Digital Foundry: What about the Azure hook-up - it looks like you're using the cloud in the same way as the Xbox One and PC versions?
Andy O'Neill: Yep, exact same as Xbox One/PC, aside from some minor back-end changes for encryption, and those grunts we spared from an unpleasant death in Last Titan Standing mode.
Digital Foundry: Grunt NPC AI is taken care of by the server. To what extent does that free up local CPU resources? Does that make more of a difference on Xbox 360, where you have less CPU available compared to PC and Xbox One?
Andy O'Neill: I'm not a network programmer so take all of this with a pinch of salt.
So, it does help quite a bit, though we're mostly CPU-limited and even the overhead of packet processing and simulation is a hit on Xbox 360.
I think the big deal with having a dedicated server is that you wouldn't even try to make this game using a standard peer-to-peer model, at least on console.
The server performance requirements for Titanfall are pretty high, so you can't run peer-to-peer. This also means you can't have a many virtual machines per physical server, meaning if you've got a popular game, then you're going to need a pretty big investment in server hardware.

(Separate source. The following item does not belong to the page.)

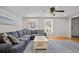 Bright living room with neutral walls, hardwood floors, and a large blue sectional sofa at 9470 Hillside Dr, Roswell, GA 30076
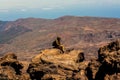 Man hiker with backpack enjoying view of Teide caldera. Tourist sitting on rocks on the volcano against the backdrop of incredible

So, this is kinda hard to explain in a 'the power of the cloud' soundbite, but using Thunderhead actually makes a lot of sense as it allows pooled resources to spin up and down for a given title rather than having to figure out some way to get some ungodly amount of servers for a day one launch player spike. I think you'll see more interesting multiplayer games because of this but it'll take a while.